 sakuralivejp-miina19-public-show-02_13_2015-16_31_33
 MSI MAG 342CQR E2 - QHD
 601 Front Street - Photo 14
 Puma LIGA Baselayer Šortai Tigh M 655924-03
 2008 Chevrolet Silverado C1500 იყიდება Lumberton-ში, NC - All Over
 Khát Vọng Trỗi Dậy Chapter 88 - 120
--------------------------------
Exactly as they appear, write out the lines from the one containing "601 Front Street - Photo 14" through the final line of the entries above, both included.

 601 Front Street - Photo 14
 Puma LIGA Baselayer Šortai Tigh M 655924-03
 2008 Chevrolet Silverado C1500 იყიდება Lumberton-ში, NC - All Over
 Khát Vọng Trỗi Dậy Chapter 88 - 120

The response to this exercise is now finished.